陽毬が声をかけるより先に朔夜が気づき、冷たい仏頂面からふんわりと優しい笑みを浮かべ「陽毬」と名を呼ぶ。背後からどよめきが聞こえるが、聞こえないふりをする。
「ごめん、待たせたね」
「いや、来たばかりだ」
来たばかりでこれほど人が集まるものか。朔夜のことだ、陽毬が申し訳ないと思わないように嘘を付いてる。敢えて指摘しようとも思わないが。
「ここだと目立つから、取り敢えず外に出よう」
朔夜も注目を集めてる自覚があったのか、承諾し遥香も後に続く。陽毬の隣にいる遥香を一瞥したが、彼は何も言わなかった。
会社を出て少し歩くと、人通りの少ない小道がある。通行人の邪魔にならないようその小道に入ると、改めて遥香を紹介した。
「初めまして、佐伯遥香と言います。陽毬と同じ部署で友人です。戸塚さんのことは陽毬からよく聞かされてますよ」
「戸塚朔夜です。陽毬の幼馴染で彼氏です。佐伯さんのことと陽毬からよく聞いてます、仲良くしてくださってありがとうございます」
と、当たり障りのない挨拶を交わすと遥香は用は済んだ、とばかりに帰ろうとする。本当に顔を見て挨拶をしたかっただけらしい。
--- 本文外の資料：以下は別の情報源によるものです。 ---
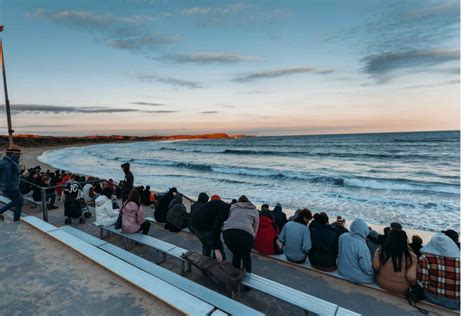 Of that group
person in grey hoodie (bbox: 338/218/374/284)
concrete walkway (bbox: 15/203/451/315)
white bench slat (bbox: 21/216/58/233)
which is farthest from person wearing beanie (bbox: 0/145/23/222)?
person in grey hoodie (bbox: 338/218/374/284)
陽毬は朔夜に見惚れない女子を久々に見た。彼氏がいても必ずと言っていいほど朔夜を熱っぽい目で見つめていたのに。
「じゃあ私はこれで、戸塚さん陽毬のことお願いしますね。大事な友達なので」
「心配には及びませんよ、こっちは長い片思いをやっと実らせたんでね。佐伯さんも陽毬のことよろしくお願いします」
と互いに探り合うような視線を交わした後、遥香は去って行った。
「朔夜にしては友好的な態度だったね」
「ん?佐伯さんは嫌な感じがしなかったからな。それに陽毬のことを本当に心配していて、俺のこと品定めしてたぞ?友達を任せるに値する男か」
さっきの視線はそういうことか、と納得した。元彼の件もあり、いくら幼馴染とはいえどんな男か心配になっていたのだろう。ちなみに嫌な感じ、とは自分目当てで陽毬に近づいたかどうか、である。
「エントランス、ちょっとした騒ぎになってたね」
「10分も居なかったんだけどな」
それであの人だかり。朔夜は魔性の男な気がして来た。
「次来たらもっと騒ぎになりそうだから、待ち合わせは外にしよう」
「そうだな、目的は達成したし」
「目的?」
怪訝に思い聞き返すも朔夜にはぐらかされ、「今日何食べたい?」と話題を変えて来た。陽毬は陽毬で空腹だったから、あっさりと思考が食事に移ってしまい、朔夜の「目的」についてはすっかり忘れてしまった。